* [Problem description] Reproduce the listing in full, exactly as written, but without images.
-- Data block follows --
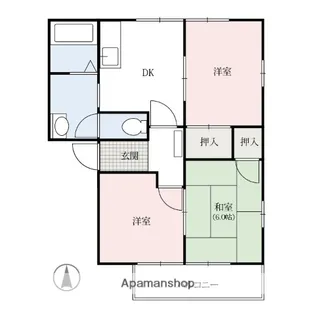 群馬県佐波郡玉村町大字藤川【アパート】の間取り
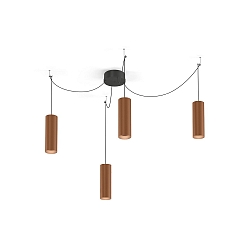 Luminaire � suspension RAY 2.0 - PAR16 cylindrique, court, avec c�ble ouvert GU10 IP20, cuivre gradable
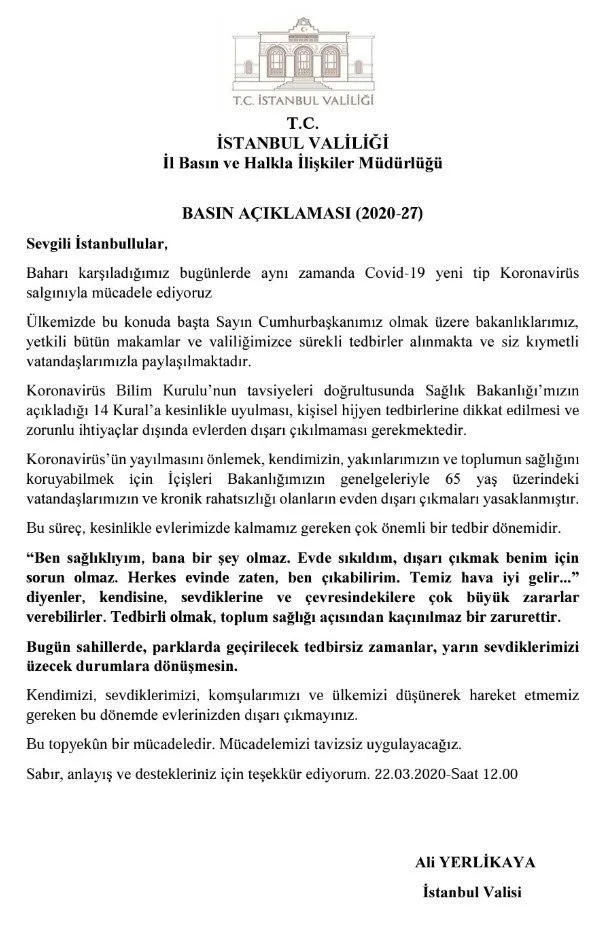 Son dakika | İstanbul Valiliği'nden flaş uyarı: Evlerinizden çıkmayın - 2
-- Data block concluded --
* [Exercise output]
 群馬県佐波郡玉村町大字藤川【アパート】の間取り
 Luminaire � suspension RAY 2.0 - PAR16 cylindrique, court, avec c�ble ouvert GU10 IP20, cuivre gradable
 Son dakika | İstanbul Valiliği'nden flaş uyarı: Evlerinizden çıkmayın - 2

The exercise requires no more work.